Internazionalizzazione, una parola difficile da pronunciare che forse già spaventa mentre la si prova ad articolare. Internazionalizzazione è in effetti un concetto complesso da spiegare perché racchiude molti aspetti e nella sua lunghezza la parola stessa già anticipa un processo con una prospettiva a lungo termine. Preparati dunque a scoprire cosa significa davvero internazionalizzazione, quali sono le sue tappe fondamentali e a chi conviene intraprenderle.

internazionalizzazione

Photo Nico Smit on Unsplash

Vendite all’estero vs Internazionalizzazione

Voglio subito disilludere coloro che credono che internazionalizzare la propria azienda significhi semplicemente vendere all’estero.


L’internazionalizzazione è un percorso di espansione che l’organizzazione intraprende per crescere ed evolvere.
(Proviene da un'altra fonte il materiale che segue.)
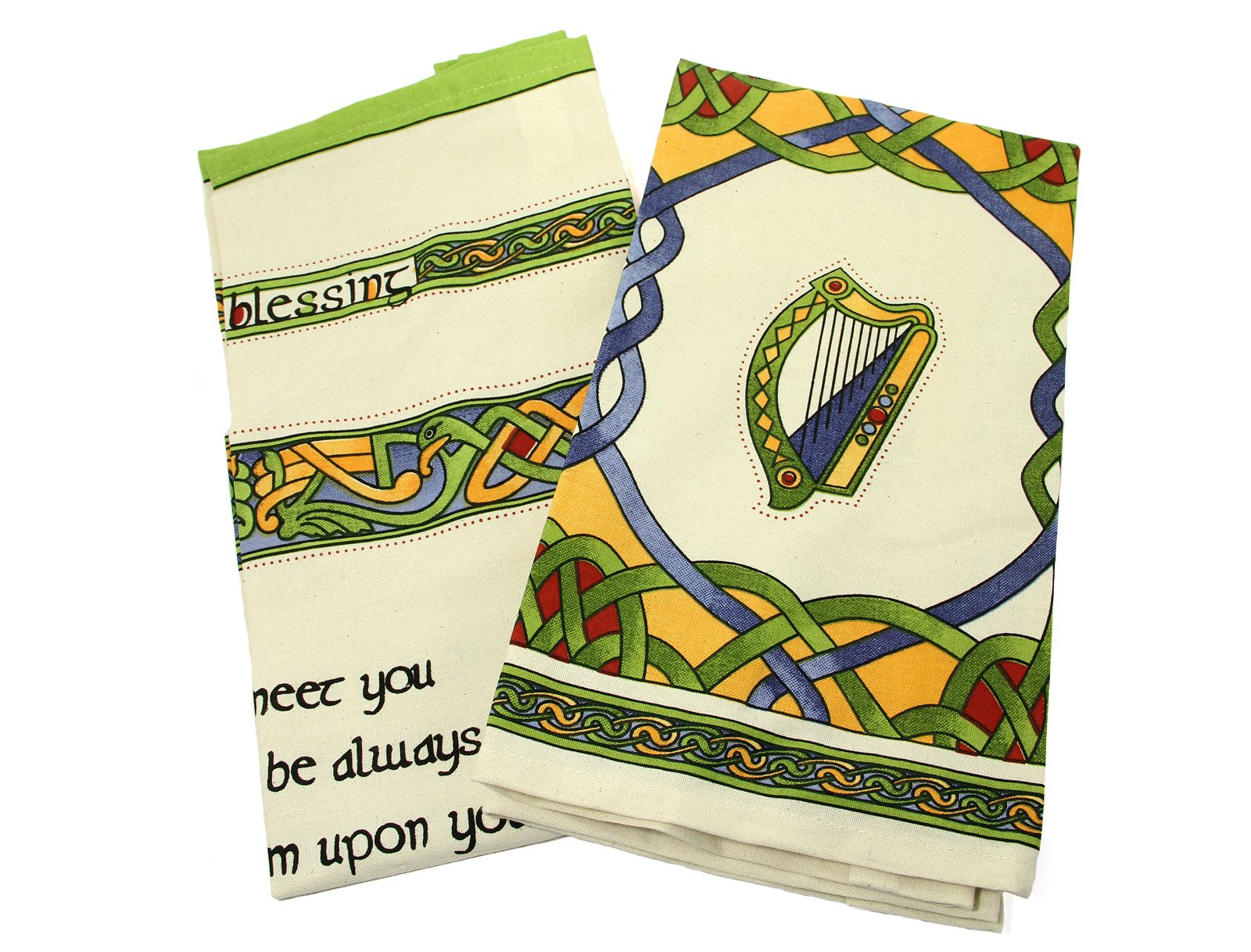 Irish Tea Towel Hand Towel Set Of 2 Kitchen D  Cor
Le motivazioni principali che spingono l’azienda ad andare oltre i propri confini territoriali certamente sono:

  • aumentare il fatturato – grazie all’allargamento della base clienti
  • incrementare i margini – i mercati esteri solitamente remunerano maggiormente il valore, sostenendo prezzi più alti
  • ridurre i costi di produzione – come succede quando ad internazionalizzarsi non è solo il commerciale ma anche i reparti produttivi che possono trasferire parte delle lavorazioni in paesi dove i costi sono inferiori
  • acquisire know-how – imparando a gestire non solo il mercato domestico, confrontandosi con nuove sfide.

Le ultime vicende socioeconomiche hanno fatto da acceleratore per la spinta verso i mercati esteri come via di uscita da una crisi senza precedenti. Lo dimostrano gli ingenti incentivi che gli Stati hanno messo a disposizione a favore delle micro e piccole imprese per l’inserimento di figure professionali specializzate chiamate Temporary Export Manager, per la partecipazione alle fiere internazionali e l’incremento di presenza digitale.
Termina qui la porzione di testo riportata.